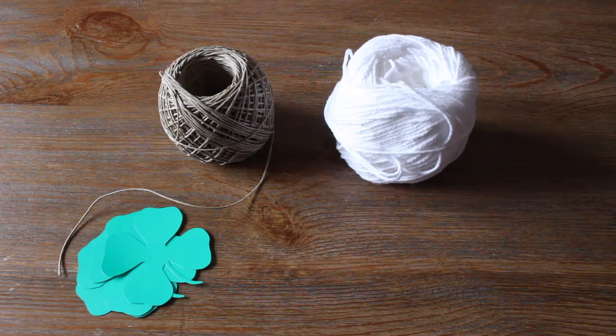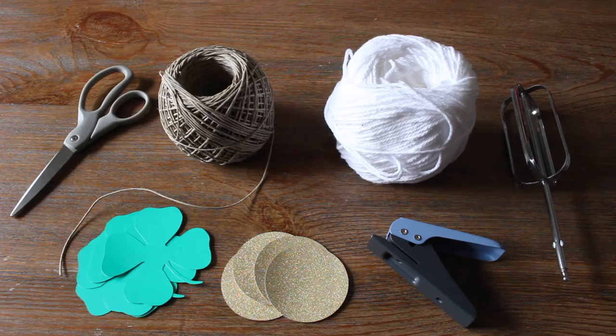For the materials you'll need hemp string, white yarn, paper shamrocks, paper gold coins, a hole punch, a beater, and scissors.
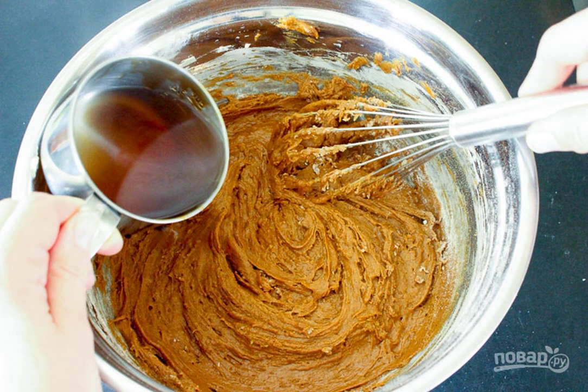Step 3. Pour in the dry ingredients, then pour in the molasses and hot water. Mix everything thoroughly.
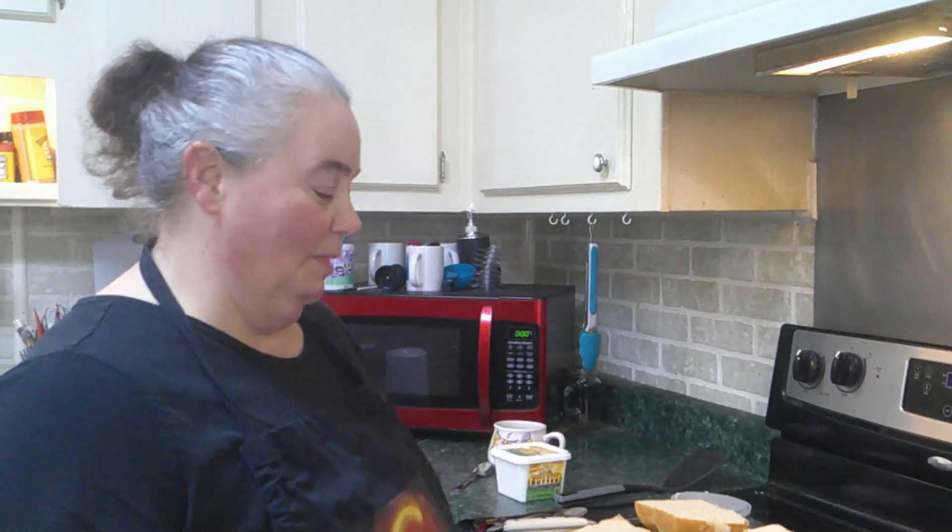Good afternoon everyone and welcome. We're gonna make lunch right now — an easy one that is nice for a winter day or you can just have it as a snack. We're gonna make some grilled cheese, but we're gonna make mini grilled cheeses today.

---

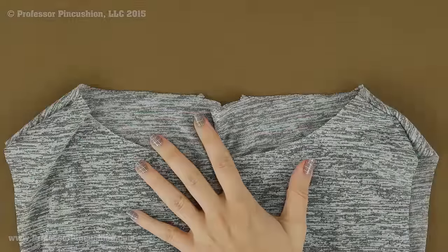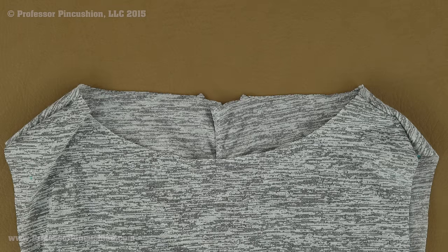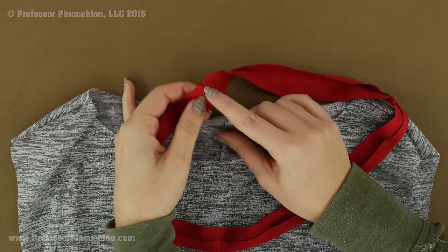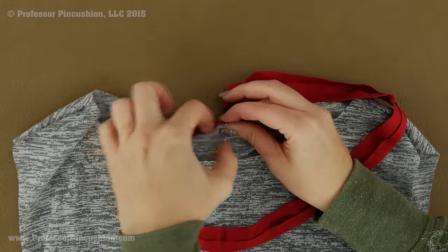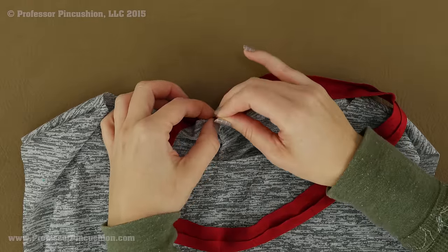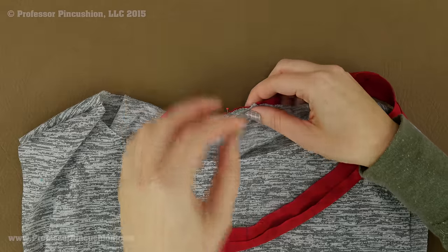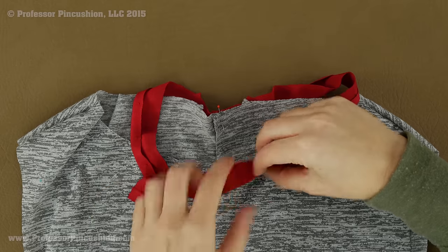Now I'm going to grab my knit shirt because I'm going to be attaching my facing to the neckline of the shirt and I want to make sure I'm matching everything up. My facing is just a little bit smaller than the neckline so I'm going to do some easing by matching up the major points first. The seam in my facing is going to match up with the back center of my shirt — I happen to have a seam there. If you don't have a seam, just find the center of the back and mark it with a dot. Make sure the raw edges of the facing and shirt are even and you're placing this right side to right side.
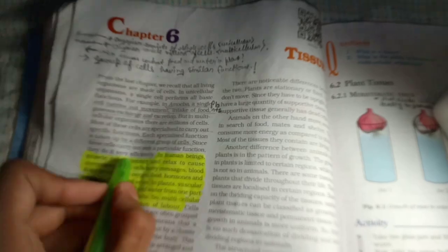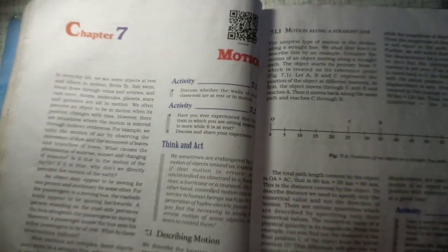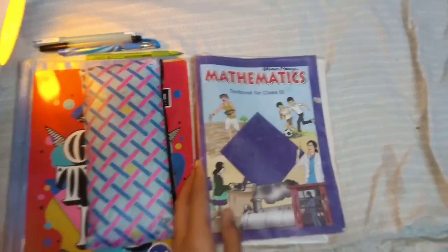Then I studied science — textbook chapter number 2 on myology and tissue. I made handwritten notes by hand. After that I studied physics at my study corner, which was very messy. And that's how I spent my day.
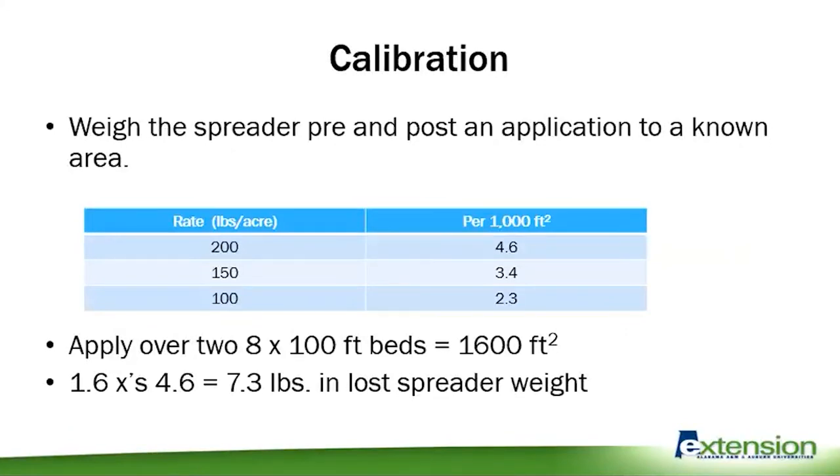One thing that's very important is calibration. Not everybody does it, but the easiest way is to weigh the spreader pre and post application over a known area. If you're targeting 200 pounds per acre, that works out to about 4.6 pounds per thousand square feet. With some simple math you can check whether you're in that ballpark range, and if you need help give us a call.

▶ Your assignment: Output exactly those lines of the data above that run from the line with "Step 3. Pour" up to and including the line with "Good afternoon everyone". No pictures go in.

▶ Response to the task:
Step 3. Pour in the dry ingredients, then pour in the molasses and hot water. Mix everything thoroughly.
Good afternoon everyone and welcome. We're gonna make lunch right now — an easy one that is nice for a winter day or you can just have it as a snack. We're gonna make some grilled cheese, but we're gonna make mini grilled cheeses today.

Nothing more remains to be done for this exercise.